The age-old rivalry between continental and maritime nations has always been an exercise in frustration. For example, Napoleon and Hitler fumed at the English Channel and Royal Navy that kept their mighty armies from conquering Britain. Conversely, the British needed a continental power with a big army — usually Russia — to fight the French and Germans on land.

Today, NATO's naval power is far superior to Russia's. The problem is Russia has always been a continental power whose strength rested on its army. NATO may dominate the oceans, but that may not be much help if Russian tanks invade the Baltic States or Poland.

So, how can NATO exploit its naval advantage? Two British experts have an idea: use NATO's navies to wage psychological warfare against Russia. Or more specifically, use naval power to scare Moscow into allocating its scarce resources to defending its huge coastlines rather than invading neighbors.

"By forcing Russia to commit to its own defenses in the maritime domain, it would divert critical Russian resources to tasks that the Alliance [NATO] deems less threatening," wrote Sidharth Kaushal and Rene Balletta in an essay for Britain's Royal United Services Institute think tank.

For America and Britain, the sea has been a friend: a buffer against invasion, a highway to overseas empire, and a way to ensure that wars are fought on foreign soil. But for Russia, with nearly 24,000 miles of coastline across Europe and Asia, the sea has historically been a source of vulnerability. Though the Russian Navy is one of the world's largest, it mainly exists to protect the motherland, to support the army, and to provide strategic firepower such as from nuclear missile subs. Many of the cruise missiles that have pummeled Ukrainian cities for the past two years have been launched by the Black Sea Fleet.

But control of the seas, in the way that the famous 19th Century American naval theorist Alfred Thayer Mahan defined it, is not the Russian Navy's mission. "Rather than naval combat per se, the purpose of Russian sea power is to ensure that the Russian state can compete and engage in conflict safely and effectively," the essay said.

In the Crimean War of 1854, Russia was defeated by a British and French amphibious assault that captured Sevastopol. In 2024, the fear is that NATO ships could launch long-range guided missiles at the Russian heartland.

There are several ways that NATO can exploit this fear, according to Kaushal and Balletta. Western nations can conduct exercises, forward deploy nuclear submarines closer to Russia, invest in drones and hypersonic missiles, and even convert shipboard anti-aircraft missiles – such as the US SM-2 and SM-6 — into land attack weapons.

As Russia rebuilds its military to replace the enormous losses of the Ukraine war, the Kremlin may feel compelled to divert resources to naval rather than ground forces. "To the extent that the Alliance can expand the area over which Russia must achieve sea denial in order to protect itself against long-range strikes, it can shape the contours of Russian force regeneration," the essay argued. "It can achieve this primarily in two ways: by expanding its long-range land attack capability, and by operating on new vectors that Russia has not historically had to defend."

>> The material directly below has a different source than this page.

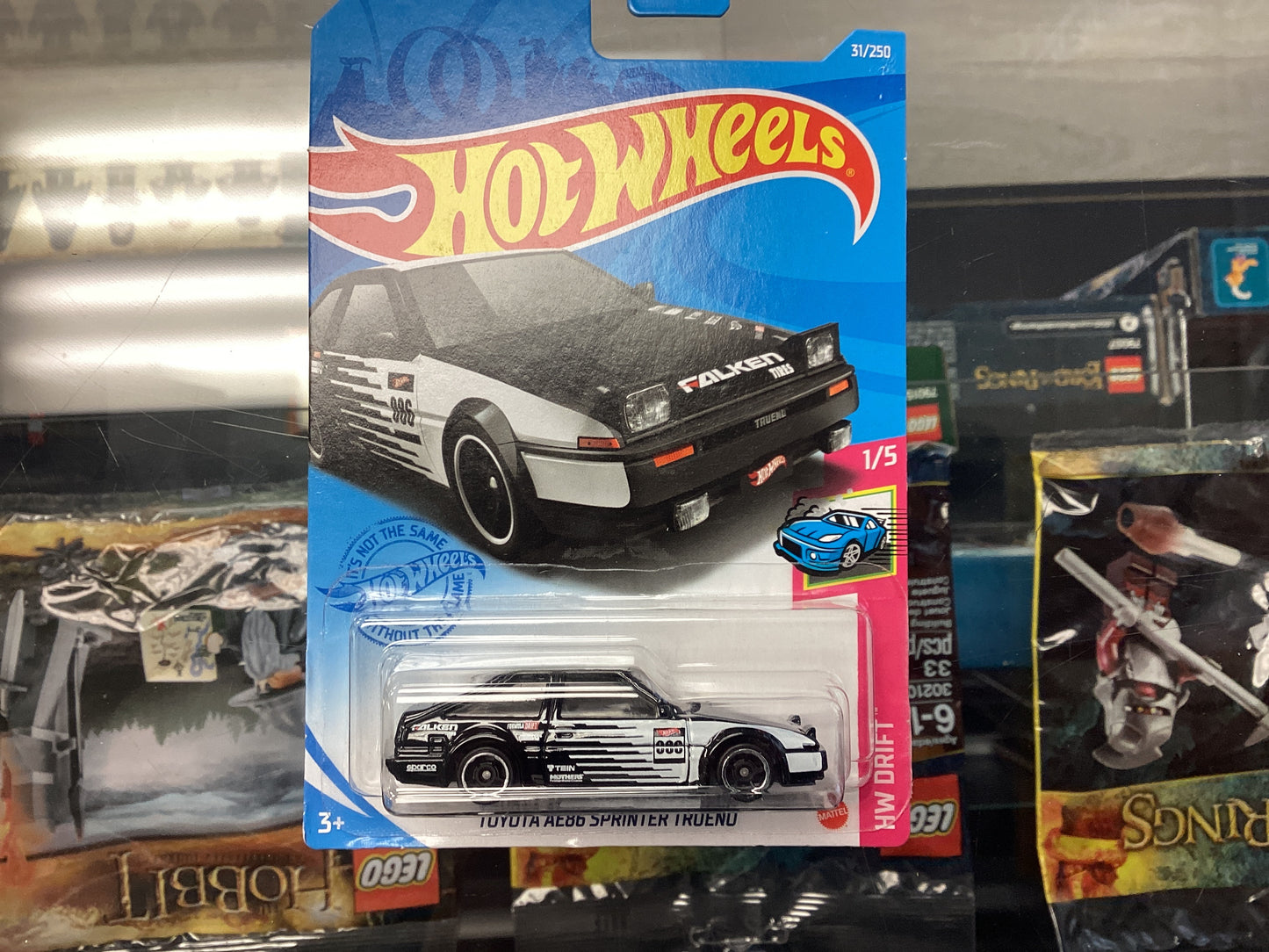 HE HotWheels HW Drift Toyota AE86 Sprinter Trueno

The Kremlin will not find it easy to beef up its maritime defenses. "While Russia can achieve sea denial and a degree of sea control in its coastal seas, contesting freedom of action out to 1,000 kilometers and beyond will be difficult and costly for a country that must also rebuild its forces on land," said the essay. In particular, while Russia has a large arsenal of anti-ship missiles based on sea and land, it lacks the ISR (intelligence, surveillance and reconnaissance) capabilities to detect distant naval targets and guide missiles toward them.

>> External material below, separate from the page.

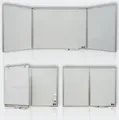 Następne zdjęcie produktu Tryptyk lakierowany biały 150x100/300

Ships — especially those intended for blue-water rather than coastal operations — are also expensive to build, maintain, and to crews at a time when the Russian Army and Aerospace Forces are in desperate need of skilled personnel. Russian shipyards are already overburdened, and new vessels may need imported components that are blocked by Western sanctions.

However, the West also suffers from constraints. As the authors acknowledge, some NATO members on Russia's border — such as Finland and Norway — may become nervous about making Russia nervous. And, of course, there is the fact that Russia has historically feared attack by the West – and it possesses the world's biggest nuclear arsenal. Stoking the Kremlin's fear of waves of cruise missiles streaking in from the sea carries a risk of nuclear escalation.

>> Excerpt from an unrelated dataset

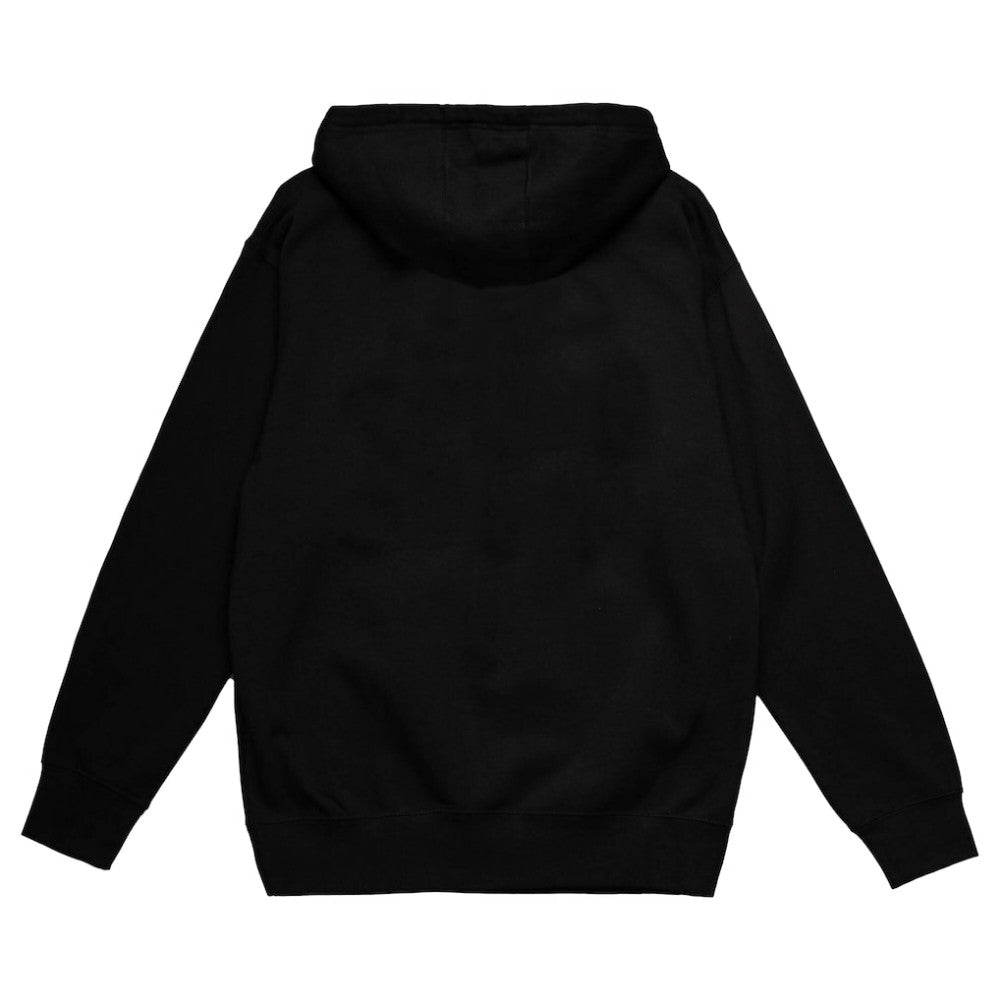 Baltimore Orioles Sidewalk Sketch Pullover Hoodie Black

Nonetheless, this approach does leverage NATO's maritime advantage. Given a choice, the Kremlin would probably prefer to spend resources on buying tanks to fight in Ukraine rather than warships to guard the Baltic. NATO can make that choice even harder.

Michael Peck is a defense writer whose work has appeared in Forbes, Defense News, Foreign Policy magazine, and other publications. He holds a MA in political science from Rutgers Univ. Follow him on Twitter and LinkedIn.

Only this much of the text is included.